**Exercise description**
The lines to reproduce run from the one containing "Пральна стиральна машина" through the final line of the entries; write them out exactly and add nothing.

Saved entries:
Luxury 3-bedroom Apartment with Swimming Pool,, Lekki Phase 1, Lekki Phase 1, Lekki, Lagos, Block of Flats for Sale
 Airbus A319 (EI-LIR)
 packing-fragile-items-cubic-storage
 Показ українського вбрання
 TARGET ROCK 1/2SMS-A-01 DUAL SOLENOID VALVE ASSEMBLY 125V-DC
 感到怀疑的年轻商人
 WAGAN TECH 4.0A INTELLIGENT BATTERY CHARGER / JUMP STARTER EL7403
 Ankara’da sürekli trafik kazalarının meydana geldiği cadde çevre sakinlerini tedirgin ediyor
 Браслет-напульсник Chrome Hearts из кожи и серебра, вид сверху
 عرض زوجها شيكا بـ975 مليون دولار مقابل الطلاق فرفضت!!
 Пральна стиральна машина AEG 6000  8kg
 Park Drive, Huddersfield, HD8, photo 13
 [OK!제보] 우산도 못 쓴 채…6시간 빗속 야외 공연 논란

**Response area**
 Пральна стиральна машина AEG 6000  8kg
 Park Drive, Huddersfield, HD8, photo 13
 [OK!제보] 우산도 못 쓴 채…6시간 빗속 야외 공연 논란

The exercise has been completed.